Monday, October 29, 2012

I dont believe we’d make it a day otherwise

I recently finished the first volume of Cormac McCarthy's Border Trilogy called All The Pretty Horses. It was a very enjoyable read and it further solidified my appreciation for the author. This quote is indicative of a recurring theme throughout the book: Though things may appear to be random and chaotic, there is purpose and order in the universe.

You think God looks out for people? said Rawlins.

Yeah. I guess He does. You?

Yeah. I do. Way the world is. Somebody can wake up and sneeze somewhere in Arkansas or some damn place and before you’re done there’s wars and ruination and all hell. You dont know what’s goin to happen. I’d say He’s just about got to. I dont believe we’d make it a day otherwise.

John Grady nodded.

McCarthy's characters, for the most part, seem to understand that there is purpose in life, and particularly in suffering and trials. The characters seem, as opposed to many modern sentiments, grateful for their time on earth. Though there is no indication that these characters are Christian per se, they exhibit hope in light of difficulties and faith in light of despair.

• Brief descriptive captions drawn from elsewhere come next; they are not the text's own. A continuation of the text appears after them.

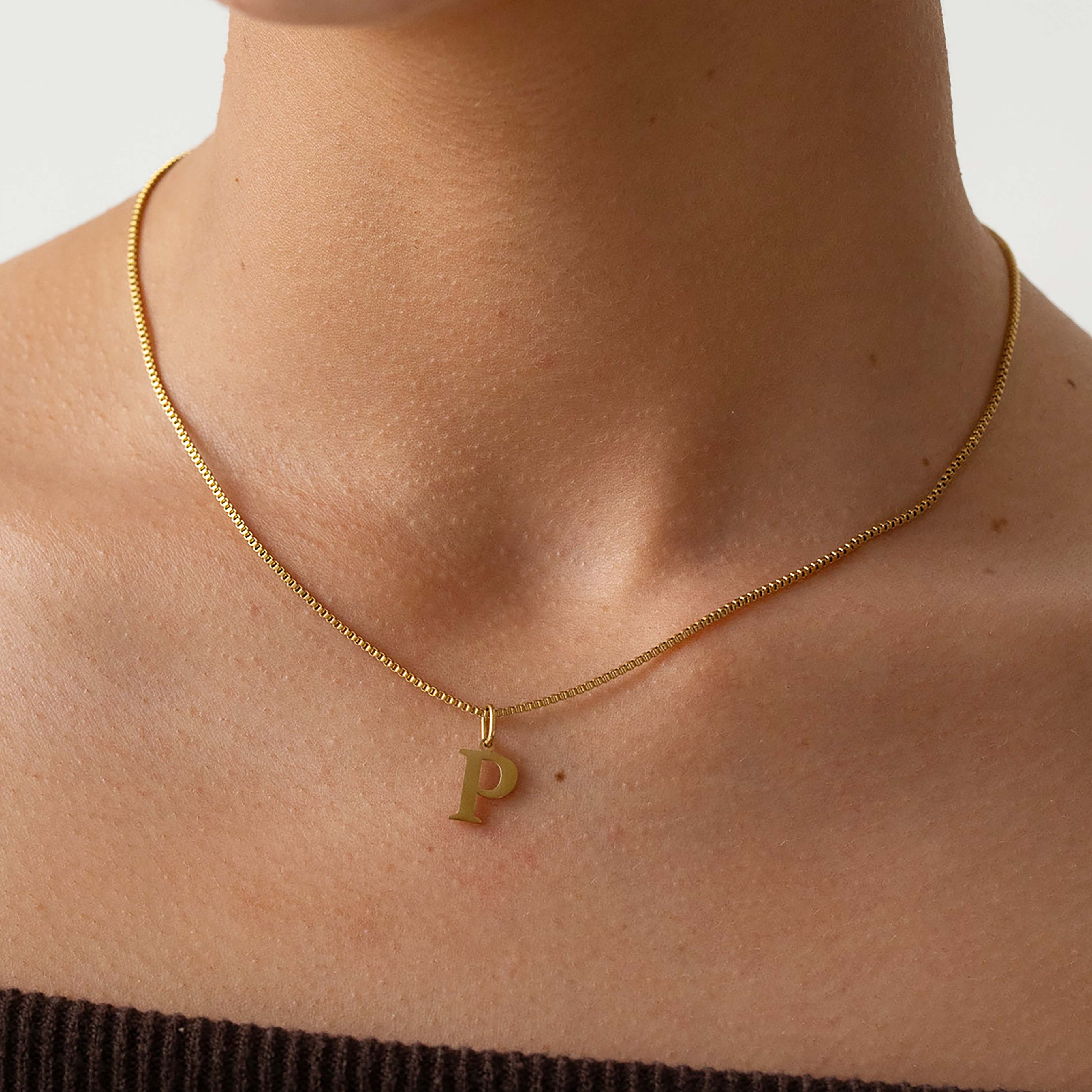 Slanted Alphabetical Necklace's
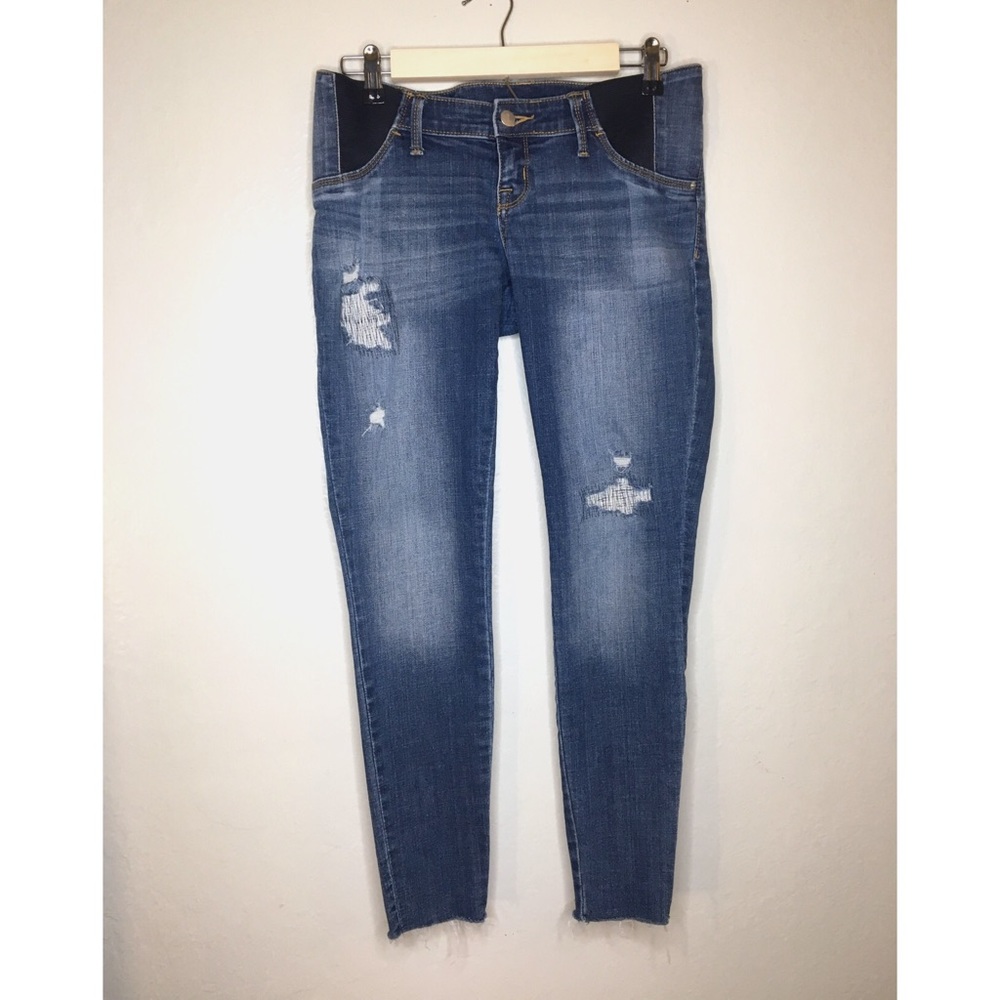 Isabel Maternity by Ingrid & Isabel crop jeans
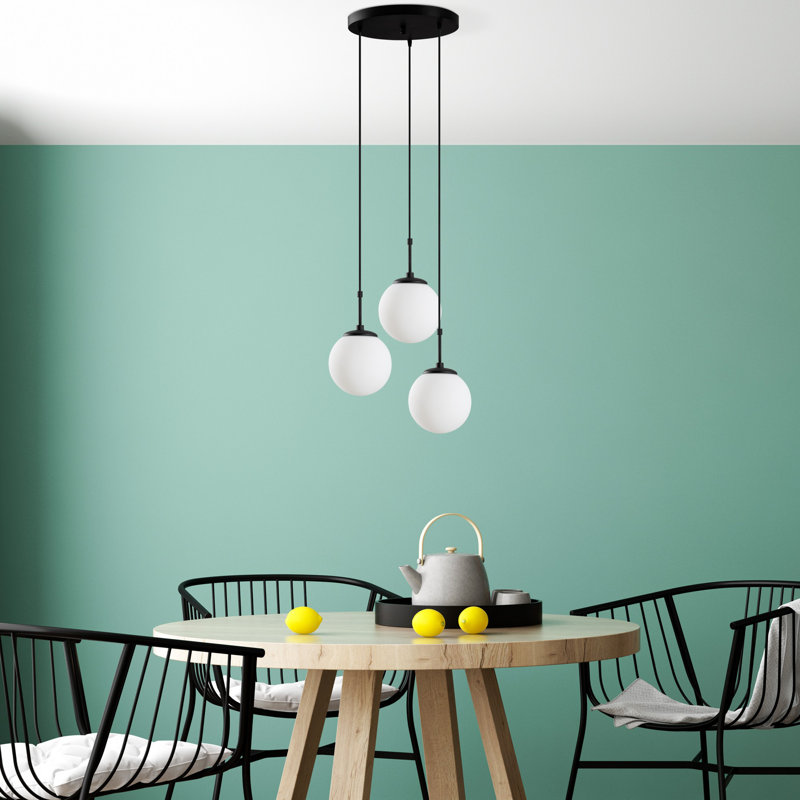 Lustre, H 7,87 po x l 7,87 po x P 15,75 po, Noir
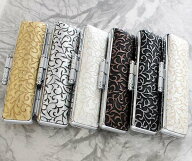 【100円クーポン中】おしゃれ 印鑑ケース 15mm 朱肉付き はんこケース シャーロット ケース 13.5mm〜15mm…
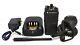 Motorola Xpr 3300e Mobile Two-way Radio With Battery, Charger, Microphone Speaker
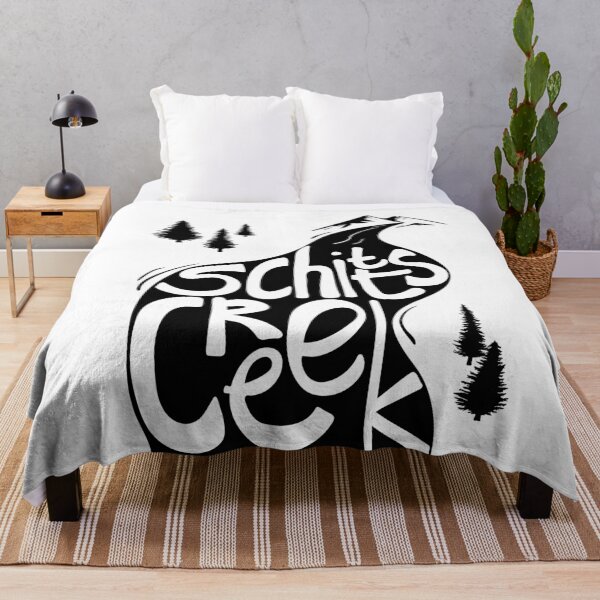 Item preview, Schitt's Creek hand lettering in Creek flowing from Mountains designed and sold by The-Goods.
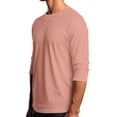 thumbnail image 3 of Men's 3/4 Sleeve Baseball T Shirts Raglan Tops | Crew Neck,Casual,Moisture Wicking,High Stretch,Comfortable,Work,Workout,Gym,Athletic Tee Pink S, 3 of 7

One facet of my faith journey over the past 5-6 years has been the developing of a biblical theology of God's sovereignty. The beliefs I used to have regarding God and his reign were inherited, but not investigated. When I studied the Scripture and writings of respected theologians, my stance changed dramatically.

I now find God's meticulous sovereignty over the universe a source of assurance and faith. He is in control. Whether it be superstorms or silly circumstances, He is sovereign. And that is good, because "I dont believe we’d make it a day otherwise."